Coronary Artery Disease - STEMI Case #5 - Question #2 Answer

She is taken for coronary angiography, and a large posterior descending coronary artery was found to be thrombotically occluded. This was treated with a drug-eluting stent.

On hospital day three, she becomes suddenly hypotensive with a blood pressure of 60/40 mm Hg and heart rate of 120 beats per minute. Her cardiac physical examination remains unchanged. A pulsus paradoxus of 16 mm Hg is present, and she is still wheezing on examination. She is taken for emergency coronary angiography, and her stent is widely patent. Right heart catheterization shows that the diastolic pressures are elevated and equal. The oxygen saturation measured in the right atrium was 63%, right ventricle 63% and pulmonary artery 65%. There is a small V wave in the pulmonary capillary wedge pressure tracing.

An arterial pressure tracing is below:

pulsus

Which of the following is the likely diagnosis?

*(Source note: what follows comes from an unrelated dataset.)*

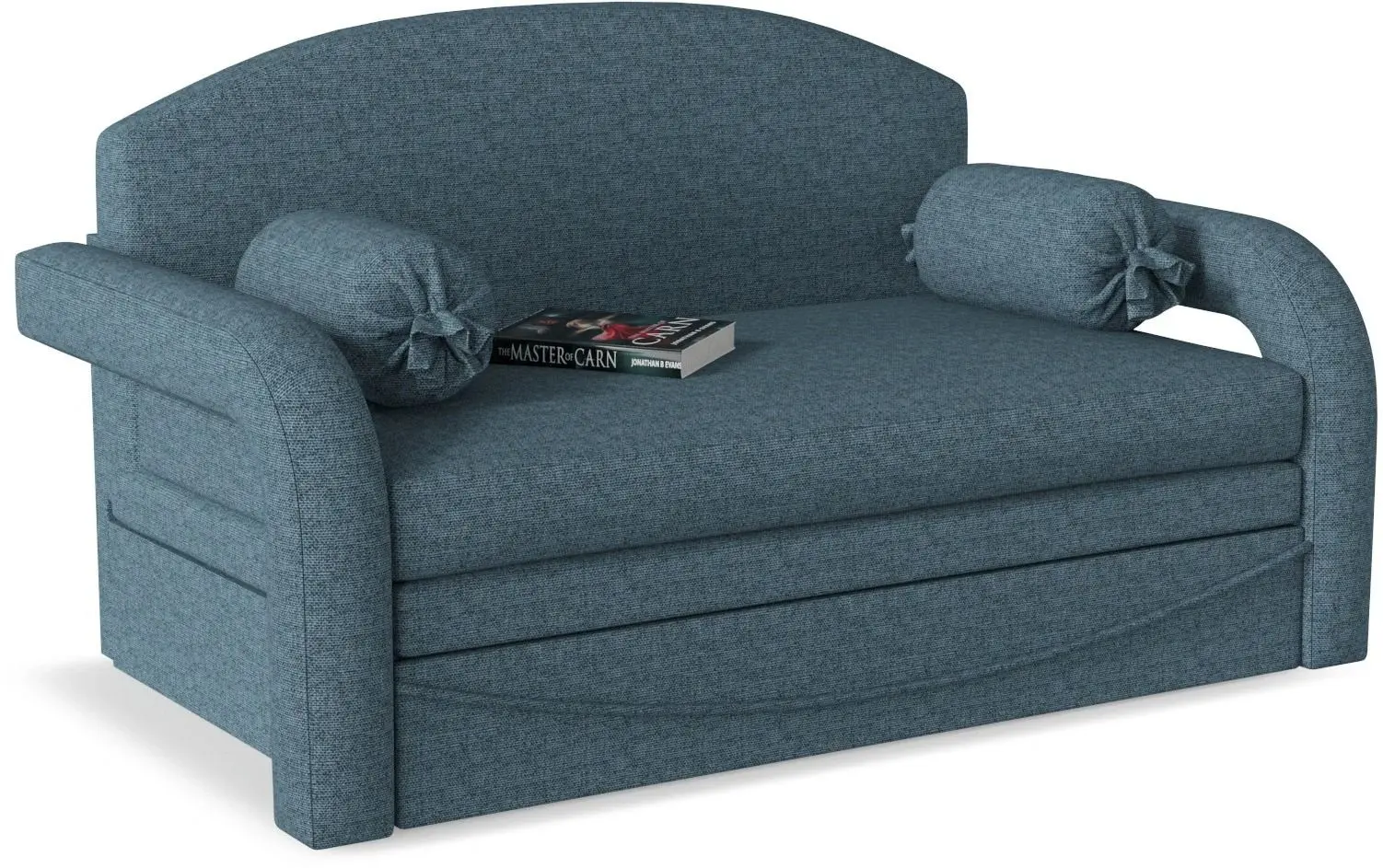 Диван раскладной Smart Димочка Люкс (Eco Lounge Shark)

A. Acute ventricular septal defect

B. Acute left ventricular free wall rupture

C. Acute mitral valve regurgitation

D. Right ventricular infarction

 

A left ventricular free wall rupture causes sudden accumulation of blood in the pericardium and cardiac tamponade, which can be rapidly fatal. Normally, the pericardium and heart chambers can expand as the heart fills; however, with cardiac tamponade from a large pericardial effusion or constrictive pericarditis, this is not able to occur. As a person inspires, venous return is increased to the right heart, and the interventricular septum bulges to the left, impairing left ventricular filling, reducing left heart cardiac output and thus decreasing systemic pressure (increasing the pulsus paradoxus). As a person exhales, right ventricular filling decreases, and the left heart fills, causing the interventricular septum to bulge to the right, impairing right ventricular filling. Recall that severe asthma and chronic obstructive pulmonary disease, or COPD, exacerbations can increase the pulsus paradoxus as well. The arterial pressure tracing provided in the case question above shows a large pulsus paradoxus.

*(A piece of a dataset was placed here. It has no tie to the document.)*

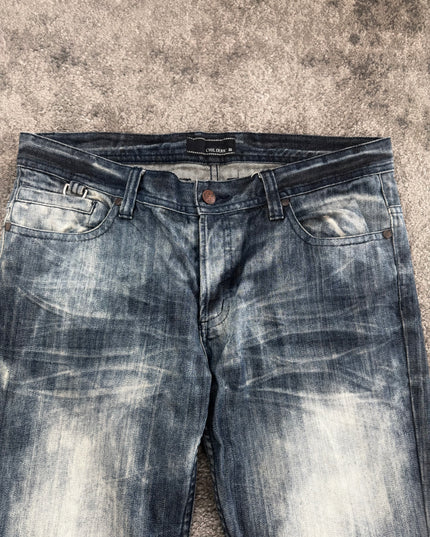 CHIL DERIC "HEAVY FADE" DENIM (M)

The diastolic pressures in the cardiac chambers are elevated and equal, as every chamber pressure influences the other in the setting of cardiac tamponade due to the fact that the heart is not able to expand as mentioned above.

An acute ventricular septal defect causes an oxygen “step-up” in the right heart because oxygenated blood crosses through defect from the left ventricle, increasing the oxygen saturations in the right heart chambers (right ventricle and pulmonary artery).

Acute mitral valve regurgitation causes a large V wave in the pulmonary capillary wedge pressure tracing. A right ventricular infarction causes hypotension and can occur in the setting of inferior or posterior MI, but there is no pulsus paradoxus. The treatment for a right ventricular infarction is IV fluids.